Müslümanlara ait kurucu metinler, ciddi manada iman merkezli bir çabanın birikimidir. Felsefecilerin salt aklı merkeze alarak ileri sürdüğü kitaba muhalif düşüncelere ve metinlere, ulema kitap ve imanı merkeze alarak eleştiri getirerek itiraz etmiş, ileri sürülen ve bugünde tartışılan birçok konuyu açıklığa kavuşturmuştur. Bize ait geçmiş birikimimizi safsatadan ibaret olarak lanse eden Batı düşüncesi ve onun yerli mümessilleri, Müslümanları çözmek için bu kurucu metinlerden yola çıkarak zaaflarımızı ve hassasiyetlerimizi çok iyi tahlil etmiştir.
Geleneksellikle suçlanarak görmezden gelinen muhteşem külliyatımız, doğrusuyla yanlışıyla bize aittir.

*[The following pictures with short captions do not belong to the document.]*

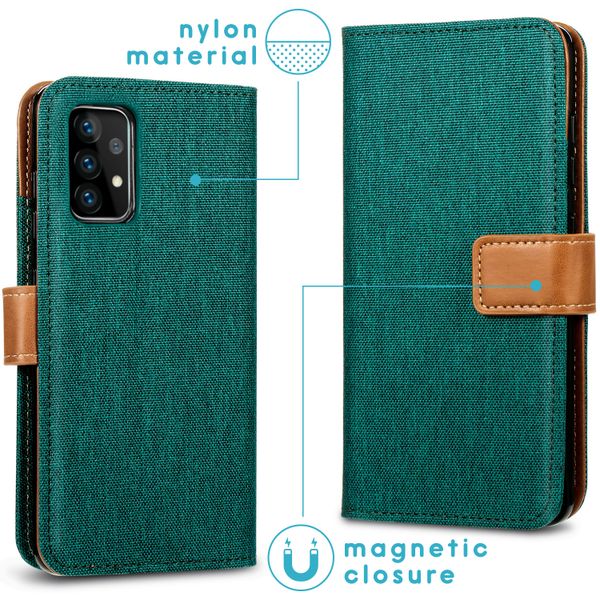 imoshion Luxuriöse Canvas-Klapphülle Samsung Galaxy A52(s) (5G/4G) - Grün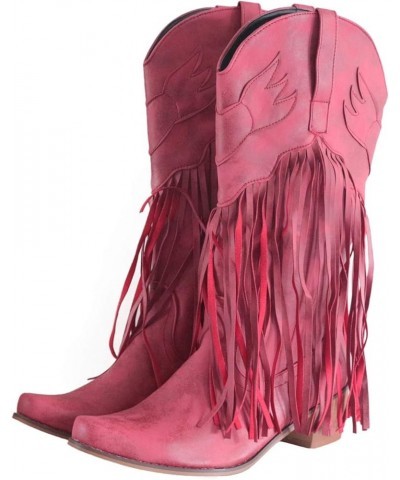 Women's Leather Toe Tassel Low-heeled Shoes Western Cowboy Boots Women Knee High Boots Wide Calf Red $38.99 Boots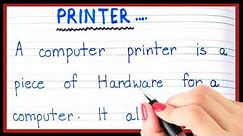 What is Printer | Definition of Printer | Short note on Printer | Types of Printer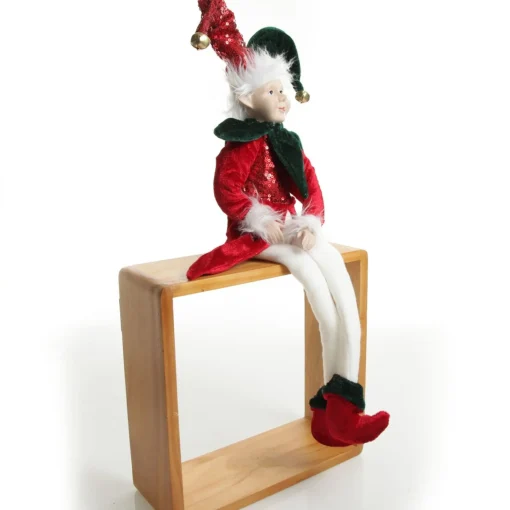 Green and Red Elf Sitting Christmas Ornament Discount
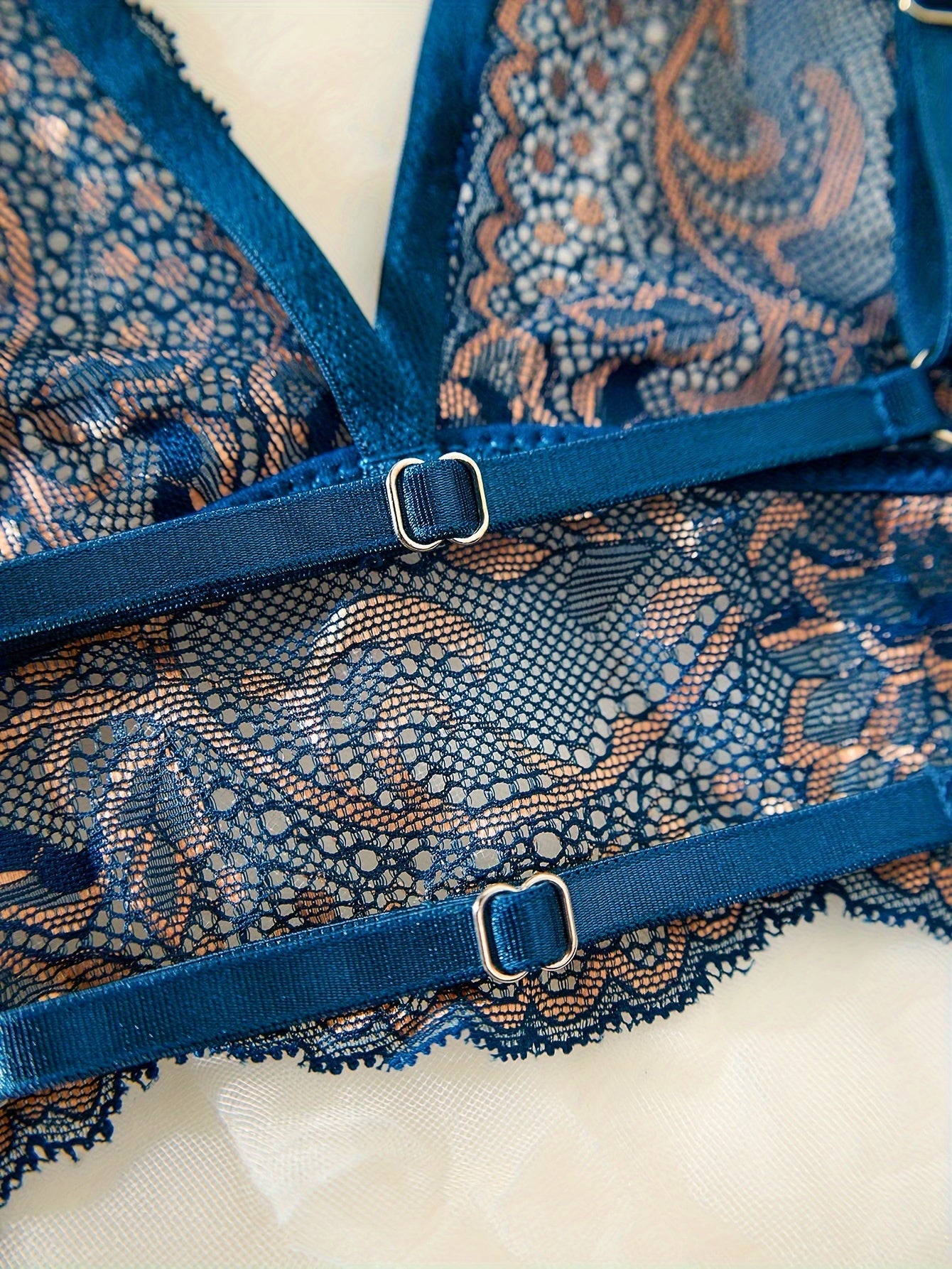 Conjunto de lencería de encaje sin entrepierna para mujer para ropa de noche seductora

Yazılan her eser ve eseri yazan her müellif, gününün şartlarına cevap vermek için çaba göstermiştir. Bu sebepten ret ve kabulde bu husus göz önünde bulundurulmalı, olduğu gibi bugüne taşınamayacağı bilinmelidir. Süreç içerisinde ortaya çıkan hatalar ehillerince ele alınmalı, yanlış yorumlar yeniden gözden geçirilmelidir. Kör bir gelenek taklidine karşı olmamız gerektiği gibi, kör bir modernist/seküler/laik/pozitivist/pragmatist yaklaşıma da karşı olmalıyız.
İlerleyen tarihi süreç içerisinde İslam Düşünce Tarihinin kurucu metinlerinden uzaklaşan Müslümanlar, bu süreç içerisinde kendileri bir şey üretemedikleri gibi, kendilerine ait bütün tartışılmaz kutsallarında tartışıldığı bir döneme şahitlik etmektedir. Usulün kalktığı akla dayalı yorumun revaçta olduğu, bütün külliyatın, hatta Kur’an’ın bile tarihi birer vesika olarak değerlendirilmeye başlandığı dönemde savunmasız kalan Müslüman düşünce, kendine olan özgüvenini yitirdiği gibi, hakikati savunabilecek donanımı da edinemedi. İslam Düşüncesine ait bütün metinlerin Batılı oryantalistlerce ele alınıp incelenmesi, bu metinlerin savunma yöntemlerinin, tahkim ettiği mevzilerin, Müslümanların hassas olduğu konuların, ilim, kelam, tefsir, hadis, fıkıh gibi Müslümanca bir hayatı yaşamayı öne çıkaran kuralların çözülmesine neden olmuştur.
Yaşadığımız çağda, Müslümanların yeryüzü insanlığına söyleyecek sözü olmadığını ve bunun sebebinin de geleneksel eserlerden ve ulemadan kaynaklandığını ileri sürenler, büyük bir yanılgı içindedir. Süreç içerisinde elbette İslam’ın asla onaylamadığı, Kitaba ve Nebiye rağmen İslam’danmış gibi dine mal edilen birçok yorum, şerh, fetva, kaidenin ortaya çıktığı gerçektir. Müslümanlar kendilerine ait olan kurucu metinlerden, dinin kabul etmediği, Kitaba, peygambere muhalif olan bilgileri ayıklayabilir. Bu çabalara, çalışmalara Müslümanların acilen ihtiyacı var. Çok uzun soluklu ve emek isteyen bir çaba, lakin öyle görünüyor ki, ehillerince ele alınıp çözüm üretilirse olağanüstü faydasını göreceğiz.